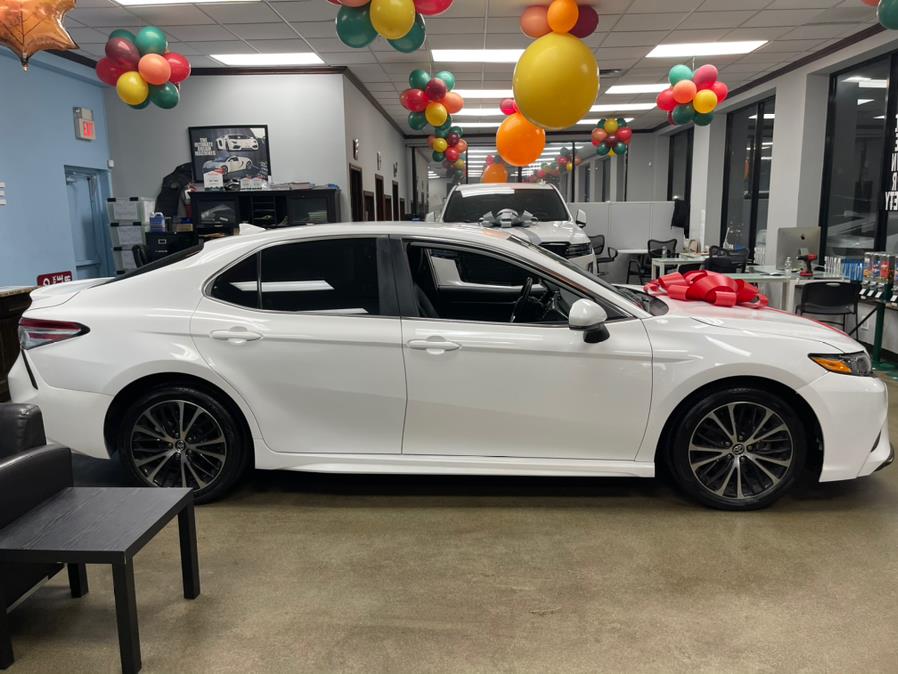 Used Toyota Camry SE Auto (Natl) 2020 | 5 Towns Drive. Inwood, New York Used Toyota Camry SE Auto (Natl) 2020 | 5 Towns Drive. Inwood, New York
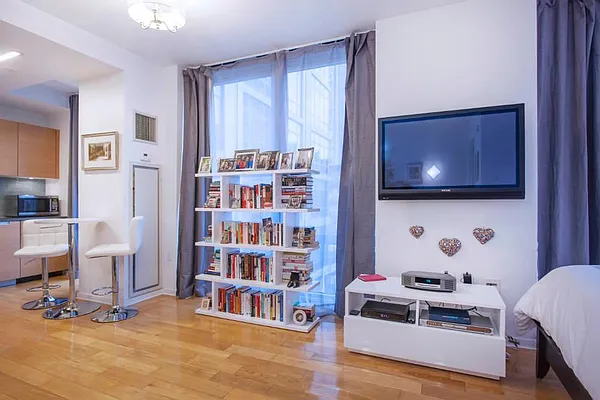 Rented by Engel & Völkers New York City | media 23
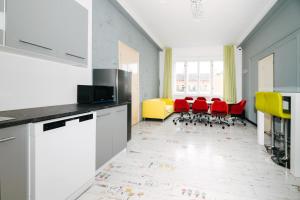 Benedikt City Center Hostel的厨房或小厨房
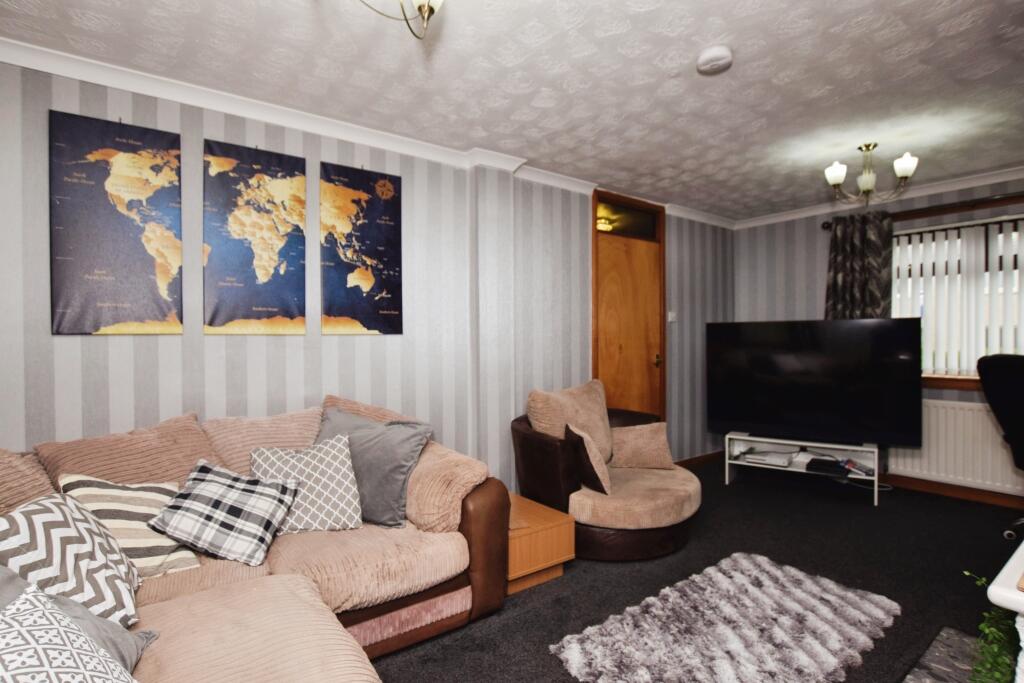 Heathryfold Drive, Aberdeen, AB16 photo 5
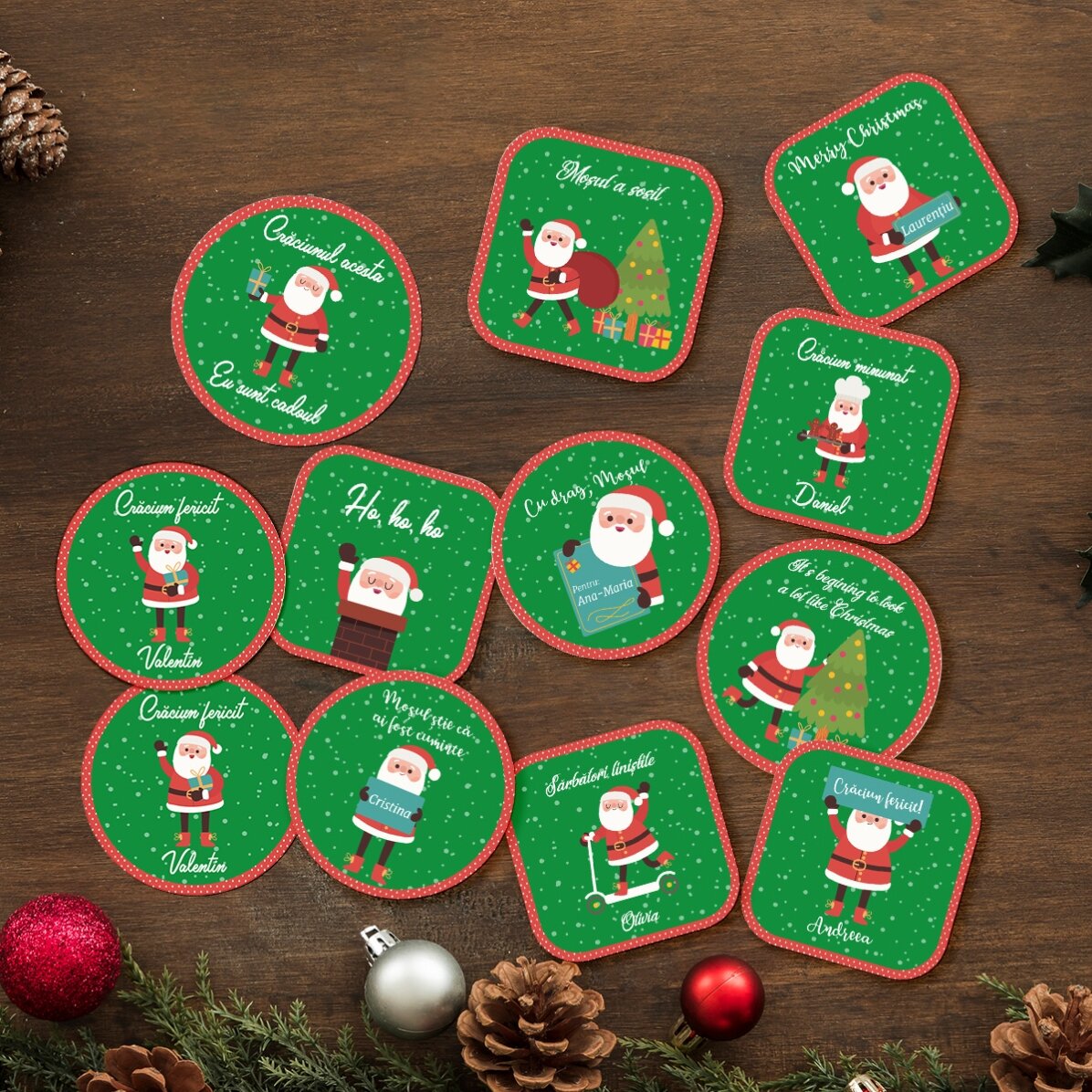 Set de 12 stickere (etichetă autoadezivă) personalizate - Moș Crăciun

┄┄┄┄┄┄┄┄┄┄┄┄┄┄┄┄┄┄┄┄

Exercise aim
Start at the first line and set down all of the data exactly, passing over the pictures.

The answer
 Used Toyota Camry SE Auto (Natl) 2020 | 5 Towns Drive. Inwood, New York Used Toyota Camry SE Auto (Natl) 2020 | 5 Towns Drive. Inwood, New York
 Rented by Engel & Völkers New York City | media 23
 Benedikt City Center Hostel的厨房或小厨房
 Heathryfold Drive, Aberdeen, AB16 photo 5
 Set de 12 stickere (etichetă autoadezivă) personalizate - Moș Crăciun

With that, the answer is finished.